Problem in ordering of the $\mathbb{C}$

Question

The question given in Rudin is that ,

prove that there doesn't exist an order such that $\mathbb{C} $turns into an ordered field.

An order on S is a relation with the following properties (i) If x,y $\in S$ then any one of the following should hold true $x<y$ ,$x=y$ or $y<x$ (ii) If $x<y$,$y<z$ then $x<z$

Since I have read some portions of euclidean domain, my question is what is wrong if I define a Norm in $\mathbb{C}$ as $a^2 + b^2$ and then try to order the complex numbers as $a+ib < c+id$ if and only if the norm is less .What is wrong in this ?

Answer 1

The main thing that is wrong with this is that trichotomy fails.
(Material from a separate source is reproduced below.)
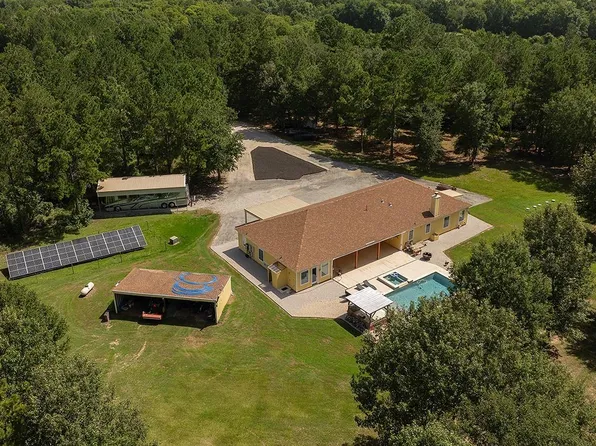 5132 Mount Zion Rd, New Waverly, TX 77358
We need exactly one of the following to happen: i) $w < z$ or ii) $z < w$ or iii) $z = w$.

Consider if $w=a + bi$ and $z = c + di$ and $a^2 + b^2 = c^2 + d^2$ but $a\ne c$ and $b\ne d$. (Any two points on a circle centered at $0$ will have this property. Ex. $w = i$ and $z = 1$.)
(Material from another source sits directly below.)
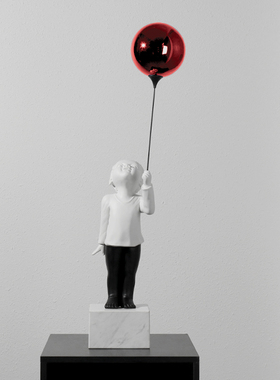 简约轻奢抽象雕塑艺术气球卡通人物G摆件样板间电视柜软装饰品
Then you have none of $w < z$ or $z < w$ or $z =w$ true.

.......

But consider the dictionary order:

$a+ bi < c + di$ if either $a < c$ or if $a=c$ and $b < d$.

That is a valid ordet that doesn satisfy trichotomy.
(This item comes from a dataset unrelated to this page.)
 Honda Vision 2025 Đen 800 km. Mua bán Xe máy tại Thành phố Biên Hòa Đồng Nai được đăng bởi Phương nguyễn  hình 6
If $w =a +bi$ and $z= c+di$ then we have the follow 5 cases:

Case 1: $a < c$. Then $w < z$; it is not true that $z < w$; and $w\ne z$.

Case 2: $a > c$ then $z < w$; it is not true that $w < z$ and $w\ne z$.

Case 3: $a =c$ and $b < d$. Then $w < z$; it is not true that $z < w$; and $w\ne z$.

Case 4: $a=c$ and $b > d$. then $z < w$; it is not true that $w < z$ and $w\ne z$.

Case 5: $a=c$ and $b = d$. Then $w=z$ and it is not true that $w < z$ and it is not true if $z< w$.

That is a perfectly okay order.... but it is not an ordered field.

.......

There are many ways to order $\mathbb C$ but none of these allow $\mathbb C$ to be an ordered field.

You left out the THIRD requirement.

An ordered field is a field with an order relation where the followin are true: i) for all $a, b,c$ with $b < c$ then $a + b < a+c$ and ii) for all $a > 0$ and $b,c$ with $b< c$ then $ab < ac$.

This will lead to a requirements that if $x >0$ then $-x < 0$ (because $x + (-x) > 0 + (-x)$) and that if $x \ne 0$ then $ x^2 > 0$. (if $x > 0$ then $x*x > 0*x$ and if $x < 0$ then $(-x) > 0$ and $(-x)(-x) > 0 (-x)$)

So $\mathbb C$ can never be an ordered field becuase $i^2 = -1$ and $1^2 = 1$ and we can't have both $1 > 0$ and $-1> 0$.

.......

Note the dictionary order fails to make an ordered field. We have $i > 0$ (because $i =0 + i > 0 + 0i=0$ because $0 = 0$ but $1 > 0$) and yet $i^2 = -1 < 0$ (because $-1 < 0$ so $-1 + 0i < 0 + 0i=0$) . But we if $i>0$ we need to have $i^2 = i*i > i*0=0$. And we don't.

So the dictionary order fails to be an ordered field.

Answer 2

In your definition there is no way to distinguish $1$, $-1$, $i$ and $-i$ because $N(\pm i)=N(\pm 1)=1$.

Answer 3

In any ordered field, every square must be positive. Because if $a > 0$ then $a^2 > 0$ and if $a < 0$ then $a^2 > 0$ (multiplying both sides by $a$ preserves the inequality if $a > 0$ and flips it if $a < 0$). But this is a problem because $1 = 1^2 > 0$ means that $1 - 1 > 0 - 1$ means that $-1 < 0$. Since $-1 < 0$ it cannot be a square because as we've established, every square must be positive.